Originally Posted by *sweetface18* /img/forum/go_quote.gif i get mines hemmed so that they are the perfect length for flats and then when i want to wear em with heels, they would fall right at your heels or maybe a little longer (depending on the heels). I personally dont like when the jeans are too long with heels, makes me feel like i'm walking funny...


----------



## debbiedeb77 (Jun 21, 2008)

it could work with the right top


----------



## pinksugar (Jun 22, 2008)

I ended up safety pinning them a bit tighter at the bottom so they still bunched






it was a good solution just for one night!


----------



## rondagaus (Jul 20, 2008)

To me any length looks sexy.

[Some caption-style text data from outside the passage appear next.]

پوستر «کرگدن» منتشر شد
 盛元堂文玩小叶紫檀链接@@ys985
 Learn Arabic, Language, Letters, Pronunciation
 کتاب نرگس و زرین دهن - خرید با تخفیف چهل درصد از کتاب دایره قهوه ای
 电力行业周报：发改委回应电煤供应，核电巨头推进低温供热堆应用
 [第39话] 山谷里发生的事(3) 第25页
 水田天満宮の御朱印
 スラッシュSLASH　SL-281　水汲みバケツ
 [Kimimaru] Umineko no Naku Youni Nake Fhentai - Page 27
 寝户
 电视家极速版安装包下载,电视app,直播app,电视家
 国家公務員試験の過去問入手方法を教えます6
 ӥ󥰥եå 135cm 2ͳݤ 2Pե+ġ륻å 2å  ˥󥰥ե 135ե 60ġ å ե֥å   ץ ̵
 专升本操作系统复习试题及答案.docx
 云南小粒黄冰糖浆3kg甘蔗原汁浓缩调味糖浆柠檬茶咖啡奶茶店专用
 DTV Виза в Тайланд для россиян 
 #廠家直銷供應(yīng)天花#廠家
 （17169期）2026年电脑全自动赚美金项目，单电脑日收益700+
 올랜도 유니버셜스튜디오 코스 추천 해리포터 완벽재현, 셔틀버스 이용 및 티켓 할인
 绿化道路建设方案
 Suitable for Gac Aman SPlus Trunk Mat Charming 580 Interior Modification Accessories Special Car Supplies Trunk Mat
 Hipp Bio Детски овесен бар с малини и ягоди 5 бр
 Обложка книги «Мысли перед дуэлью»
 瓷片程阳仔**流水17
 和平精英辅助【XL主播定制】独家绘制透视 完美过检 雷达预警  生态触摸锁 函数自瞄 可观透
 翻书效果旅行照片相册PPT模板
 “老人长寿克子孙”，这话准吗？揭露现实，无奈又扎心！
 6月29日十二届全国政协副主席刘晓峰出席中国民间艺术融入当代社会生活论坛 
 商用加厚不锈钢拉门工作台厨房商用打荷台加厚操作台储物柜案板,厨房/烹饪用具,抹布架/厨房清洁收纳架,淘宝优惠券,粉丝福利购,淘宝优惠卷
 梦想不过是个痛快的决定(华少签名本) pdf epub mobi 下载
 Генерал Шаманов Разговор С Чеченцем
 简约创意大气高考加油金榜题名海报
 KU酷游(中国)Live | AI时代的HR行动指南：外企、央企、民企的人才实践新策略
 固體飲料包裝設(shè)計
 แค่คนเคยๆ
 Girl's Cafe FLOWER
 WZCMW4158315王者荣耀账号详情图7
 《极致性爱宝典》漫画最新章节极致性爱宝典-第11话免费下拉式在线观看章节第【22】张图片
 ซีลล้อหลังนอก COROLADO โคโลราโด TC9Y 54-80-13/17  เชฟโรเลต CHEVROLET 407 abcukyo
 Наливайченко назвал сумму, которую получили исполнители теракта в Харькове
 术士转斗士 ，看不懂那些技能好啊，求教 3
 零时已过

Its up to you and what you like. Heels and skinny jeans are hot.


----------



## Marniem (Oct 8, 2008)

I would have them altered so they sit at my ankle


----------



## Johnnie (Oct 8, 2008)

I hem mine or tuck them underneath.


----------



## Lucy (Oct 9, 2008)

i love the skinny jeans over heels look personally!

but i find i have to roll my skinny jeans up for everyday wear with flats, i just fold them up but i do it on the inside? so that you don't get a "turn up" look if you get what i mean.






like that but folded on the inside.. lol i hope you know what i mean this is very hard to explain!! and then it doesn't look like i've done anything to them.


----------